### How to complete this task
All records after this line are to be returned verbatim.

### Data shown
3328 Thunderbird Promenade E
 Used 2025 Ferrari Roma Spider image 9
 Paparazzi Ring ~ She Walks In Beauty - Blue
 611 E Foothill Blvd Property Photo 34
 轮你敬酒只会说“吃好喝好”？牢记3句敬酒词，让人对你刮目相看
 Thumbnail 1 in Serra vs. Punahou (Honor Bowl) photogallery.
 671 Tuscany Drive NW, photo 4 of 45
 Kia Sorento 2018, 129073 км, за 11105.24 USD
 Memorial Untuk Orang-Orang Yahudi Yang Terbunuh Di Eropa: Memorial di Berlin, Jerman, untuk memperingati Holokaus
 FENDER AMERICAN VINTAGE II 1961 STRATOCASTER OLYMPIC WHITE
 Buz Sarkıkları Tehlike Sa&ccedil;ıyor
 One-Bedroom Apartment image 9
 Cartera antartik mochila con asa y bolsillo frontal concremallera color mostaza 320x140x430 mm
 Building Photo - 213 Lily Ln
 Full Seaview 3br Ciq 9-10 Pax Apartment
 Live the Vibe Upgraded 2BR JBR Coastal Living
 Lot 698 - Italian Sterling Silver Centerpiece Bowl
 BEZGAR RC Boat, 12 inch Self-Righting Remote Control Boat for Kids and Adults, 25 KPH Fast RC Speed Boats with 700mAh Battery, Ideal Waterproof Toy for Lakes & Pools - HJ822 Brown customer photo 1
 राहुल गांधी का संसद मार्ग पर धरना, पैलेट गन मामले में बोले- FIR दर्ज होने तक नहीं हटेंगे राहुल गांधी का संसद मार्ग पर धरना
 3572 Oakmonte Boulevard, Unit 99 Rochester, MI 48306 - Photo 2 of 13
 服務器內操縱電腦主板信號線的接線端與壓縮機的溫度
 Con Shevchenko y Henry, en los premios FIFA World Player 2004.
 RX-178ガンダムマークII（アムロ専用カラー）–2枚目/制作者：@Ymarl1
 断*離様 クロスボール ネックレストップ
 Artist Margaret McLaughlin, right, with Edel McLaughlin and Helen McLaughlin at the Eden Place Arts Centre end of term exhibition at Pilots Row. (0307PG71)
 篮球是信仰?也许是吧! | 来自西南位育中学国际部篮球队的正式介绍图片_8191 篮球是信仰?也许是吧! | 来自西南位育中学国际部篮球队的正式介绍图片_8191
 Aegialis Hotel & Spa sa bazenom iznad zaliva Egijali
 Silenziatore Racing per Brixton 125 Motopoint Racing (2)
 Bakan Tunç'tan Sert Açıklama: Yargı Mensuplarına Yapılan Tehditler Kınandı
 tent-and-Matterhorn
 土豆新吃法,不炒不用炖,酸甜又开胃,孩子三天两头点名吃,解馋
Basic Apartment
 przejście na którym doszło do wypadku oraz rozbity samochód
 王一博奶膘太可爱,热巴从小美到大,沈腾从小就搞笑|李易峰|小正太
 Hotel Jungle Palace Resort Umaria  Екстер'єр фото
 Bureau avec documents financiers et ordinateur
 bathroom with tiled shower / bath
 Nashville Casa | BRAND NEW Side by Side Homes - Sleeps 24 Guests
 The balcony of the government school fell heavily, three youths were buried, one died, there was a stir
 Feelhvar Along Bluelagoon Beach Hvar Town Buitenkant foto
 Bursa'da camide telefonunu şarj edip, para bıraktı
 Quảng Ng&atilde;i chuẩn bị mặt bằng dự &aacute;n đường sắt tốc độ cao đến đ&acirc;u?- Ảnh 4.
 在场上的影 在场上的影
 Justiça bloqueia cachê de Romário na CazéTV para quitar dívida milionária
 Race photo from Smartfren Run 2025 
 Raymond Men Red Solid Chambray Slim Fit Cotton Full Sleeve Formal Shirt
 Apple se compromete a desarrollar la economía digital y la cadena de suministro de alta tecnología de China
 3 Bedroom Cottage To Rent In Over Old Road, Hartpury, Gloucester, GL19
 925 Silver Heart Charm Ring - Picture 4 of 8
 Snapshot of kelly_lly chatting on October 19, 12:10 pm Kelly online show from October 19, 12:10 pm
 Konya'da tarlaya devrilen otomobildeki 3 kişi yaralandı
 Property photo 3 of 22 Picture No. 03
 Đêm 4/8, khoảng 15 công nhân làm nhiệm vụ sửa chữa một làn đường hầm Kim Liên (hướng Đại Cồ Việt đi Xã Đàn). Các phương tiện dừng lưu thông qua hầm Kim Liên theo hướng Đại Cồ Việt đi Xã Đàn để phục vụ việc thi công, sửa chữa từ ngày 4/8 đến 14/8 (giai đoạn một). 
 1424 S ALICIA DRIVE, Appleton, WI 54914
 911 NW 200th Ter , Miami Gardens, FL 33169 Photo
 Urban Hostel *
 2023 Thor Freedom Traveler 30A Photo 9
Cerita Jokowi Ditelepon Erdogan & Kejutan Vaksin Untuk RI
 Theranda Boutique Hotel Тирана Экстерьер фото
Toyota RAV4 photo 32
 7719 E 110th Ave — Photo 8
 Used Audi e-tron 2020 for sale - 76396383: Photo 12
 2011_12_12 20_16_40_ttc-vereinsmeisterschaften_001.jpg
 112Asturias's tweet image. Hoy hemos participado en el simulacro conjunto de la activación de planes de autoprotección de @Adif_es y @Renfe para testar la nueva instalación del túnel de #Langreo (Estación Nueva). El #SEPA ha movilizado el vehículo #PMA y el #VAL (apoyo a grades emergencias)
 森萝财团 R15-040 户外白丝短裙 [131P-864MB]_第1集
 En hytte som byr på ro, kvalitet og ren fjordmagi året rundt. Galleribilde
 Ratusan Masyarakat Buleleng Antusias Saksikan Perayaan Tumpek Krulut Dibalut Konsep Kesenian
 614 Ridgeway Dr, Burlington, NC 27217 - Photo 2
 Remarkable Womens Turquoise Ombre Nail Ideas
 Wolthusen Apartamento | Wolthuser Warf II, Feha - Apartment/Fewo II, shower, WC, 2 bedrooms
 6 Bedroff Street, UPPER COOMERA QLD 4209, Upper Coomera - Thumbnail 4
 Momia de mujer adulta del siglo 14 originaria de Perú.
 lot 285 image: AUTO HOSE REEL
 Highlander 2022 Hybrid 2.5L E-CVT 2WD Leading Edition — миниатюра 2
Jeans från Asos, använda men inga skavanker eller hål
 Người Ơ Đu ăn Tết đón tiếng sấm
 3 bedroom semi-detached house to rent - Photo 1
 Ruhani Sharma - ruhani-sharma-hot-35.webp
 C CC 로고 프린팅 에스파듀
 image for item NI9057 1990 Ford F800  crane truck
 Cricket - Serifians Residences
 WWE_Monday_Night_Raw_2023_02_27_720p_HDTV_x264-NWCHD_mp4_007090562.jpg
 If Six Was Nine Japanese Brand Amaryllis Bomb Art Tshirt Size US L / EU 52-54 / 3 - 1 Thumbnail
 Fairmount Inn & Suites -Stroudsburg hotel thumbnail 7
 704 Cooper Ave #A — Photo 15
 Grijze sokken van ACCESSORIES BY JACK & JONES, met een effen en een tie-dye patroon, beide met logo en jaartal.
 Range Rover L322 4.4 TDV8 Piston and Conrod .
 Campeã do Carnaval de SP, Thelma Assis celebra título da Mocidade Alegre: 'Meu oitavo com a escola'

### Exercise output
3328 Thunderbird Promenade E
 Used 2025 Ferrari Roma Spider image 9
 Paparazzi Ring ~ She Walks In Beauty - Blue
 611 E Foothill Blvd Property Photo 34
 轮你敬酒只会说“吃好喝好”？牢记3句敬酒词，让人对你刮目相看
 Thumbnail 1 in Serra vs. Punahou (Honor Bowl) photogallery.
 671 Tuscany Drive NW, photo 4 of 45
 Kia Sorento 2018, 129073 км, за 11105.24 USD
 Memorial Untuk Orang-Orang Yahudi Yang Terbunuh Di Eropa: Memorial di Berlin, Jerman, untuk memperingati Holokaus
 FENDER AMERICAN VINTAGE II 1961 STRATOCASTER OLYMPIC WHITE
 Buz Sarkıkları Tehlike Sa&ccedil;ıyor
 One-Bedroom Apartment image 9
 Cartera antartik mochila con asa y bolsillo frontal concremallera color mostaza 320x140x430 mm
 Building Photo - 213 Lily Ln
 Full Seaview 3br Ciq 9-10 Pax Apartment
 Live the Vibe Upgraded 2BR JBR Coastal Living
 Lot 698 - Italian Sterling Silver Centerpiece Bowl
 BEZGAR RC Boat, 12 inch Self-Righting Remote Control Boat for Kids and Adults, 25 KPH Fast RC Speed Boats with 700mAh Battery, Ideal Waterproof Toy for Lakes & Pools - HJ822 Brown customer photo 1
 राहुल गांधी का संसद मार्ग पर धरना, पैलेट गन मामले में बोले- FIR दर्ज होने तक नहीं हटेंगे राहुल गांधी का संसद मार्ग पर धरना
 3572 Oakmonte Boulevard, Unit 99 Rochester, MI 48306 - Photo 2 of 13
 服務器內操縱電腦主板信號線的接線端與壓縮機的溫度
 Con Shevchenko y Henry, en los premios FIFA World Player 2004.
 RX-178ガンダムマークII（アムロ専用カラー）–2枚目/制作者：@Ymarl1
 断*離様 クロスボール ネックレストップ
 Artist Margaret McLaughlin, right, with Edel McLaughlin and Helen McLaughlin at the Eden Place Arts Centre end of term exhibition at Pilots Row. (0307PG71)
 篮球是信仰?也许是吧! | 来自西南位育中学国际部篮球队的正式介绍图片_8191 篮球是信仰?也许是吧! | 来自西南位育中学国际部篮球队的正式介绍图片_8191
 Aegialis Hotel & Spa sa bazenom iznad zaliva Egijali
 Silenziatore Racing per Brixton 125 Motopoint Racing (2)
 Bakan Tunç'tan Sert Açıklama: Yargı Mensuplarına Yapılan Tehditler Kınandı
 tent-and-Matterhorn
 土豆新吃法,不炒不用炖,酸甜又开胃,孩子三天两头点名吃,解馋
Basic Apartment
 przejście na którym doszło do wypadku oraz rozbity samochód
 王一博奶膘太可爱,热巴从小美到大,沈腾从小就搞笑|李易峰|小正太
 Hotel Jungle Palace Resort Umaria  Екстер'єр фото
 Bureau avec documents financiers et ordinateur
 bathroom with tiled shower / bath
 Nashville Casa | BRAND NEW Side by Side Homes - Sleeps 24 Guests
 The balcony of the government school fell heavily, three youths were buried, one died, there was a stir
 Feelhvar Along Bluelagoon Beach Hvar Town Buitenkant foto
 Bursa'da camide telefonunu şarj edip, para bıraktı
 Quảng Ng&atilde;i chuẩn bị mặt bằng dự &aacute;n đường sắt tốc độ cao đến đ&acirc;u?- Ảnh 4.
 在场上的影 在场上的影
 Justiça bloqueia cachê de Romário na CazéTV para quitar dívida milionária
 Race photo from Smartfren Run 2025 
 Raymond Men Red Solid Chambray Slim Fit Cotton Full Sleeve Formal Shirt
 Apple se compromete a desarrollar la economía digital y la cadena de suministro de alta tecnología de China
 3 Bedroom Cottage To Rent In Over Old Road, Hartpury, Gloucester, GL19
 925 Silver Heart Charm Ring - Picture 4 of 8
 Snapshot of kelly_lly chatting on October 19, 12:10 pm Kelly online show from October 19, 12:10 pm
 Konya'da tarlaya devrilen otomobildeki 3 kişi yaralandı
 Property photo 3 of 22 Picture No. 03
 Đêm 4/8, khoảng 15 công nhân làm nhiệm vụ sửa chữa một làn đường hầm Kim Liên (hướng Đại Cồ Việt đi Xã Đàn). Các phương tiện dừng lưu thông qua hầm Kim Liên theo hướng Đại Cồ Việt đi Xã Đàn để phục vụ việc thi công, sửa chữa từ ngày 4/8 đến 14/8 (giai đoạn một). 
 1424 S ALICIA DRIVE, Appleton, WI 54914
 911 NW 200th Ter , Miami Gardens, FL 33169 Photo
 Urban Hostel *
 2023 Thor Freedom Traveler 30A Photo 9
Cerita Jokowi Ditelepon Erdogan & Kejutan Vaksin Untuk RI
 Theranda Boutique Hotel Тирана Экстерьер фото
Toyota RAV4 photo 32
 7719 E 110th Ave — Photo 8
 Used Audi e-tron 2020 for sale - 76396383: Photo 12
 2011_12_12 20_16_40_ttc-vereinsmeisterschaften_001.jpg
 112Asturias's tweet image. Hoy hemos participado en el simulacro conjunto de la activación de planes de autoprotección de @Adif_es y @Renfe para testar la nueva instalación del túnel de #Langreo (Estación Nueva). El #SEPA ha movilizado el vehículo #PMA y el #VAL (apoyo a grades emergencias)
 森萝财团 R15-040 户外白丝短裙 [131P-864MB]_第1集
 En hytte som byr på ro, kvalitet og ren fjordmagi året rundt. Galleribilde
 Ratusan Masyarakat Buleleng Antusias Saksikan Perayaan Tumpek Krulut Dibalut Konsep Kesenian
 614 Ridgeway Dr, Burlington, NC 27217 - Photo 2
 Remarkable Womens Turquoise Ombre Nail Ideas
 Wolthusen Apartamento | Wolthuser Warf II, Feha - Apartment/Fewo II, shower, WC, 2 bedrooms
 6 Bedroff Street, UPPER COOMERA QLD 4209, Upper Coomera - Thumbnail 4
 Momia de mujer adulta del siglo 14 originaria de Perú.
 lot 285 image: AUTO HOSE REEL
 Highlander 2022 Hybrid 2.5L E-CVT 2WD Leading Edition — миниатюра 2
Jeans från Asos, använda men inga skavanker eller hål
 Người Ơ Đu ăn Tết đón tiếng sấm
 3 bedroom semi-detached house to rent - Photo 1
 Ruhani Sharma - ruhani-sharma-hot-35.webp
 C CC 로고 프린팅 에스파듀
 image for item NI9057 1990 Ford F800  crane truck
 Cricket - Serifians Residences
 WWE_Monday_Night_Raw_2023_02_27_720p_HDTV_x264-NWCHD_mp4_007090562.jpg
 If Six Was Nine Japanese Brand Amaryllis Bomb Art Tshirt Size US L / EU 52-54 / 3 - 1 Thumbnail
 Fairmount Inn & Suites -Stroudsburg hotel thumbnail 7
 704 Cooper Ave #A — Photo 15
 Grijze sokken van ACCESSORIES BY JACK & JONES, met een effen en een tie-dye patroon, beide met logo en jaartal.
 Range Rover L322 4.4 TDV8 Piston and Conrod .
 Campeã do Carnaval de SP, Thelma Assis celebra título da Mocidade Alegre: 'Meu oitavo com a escola'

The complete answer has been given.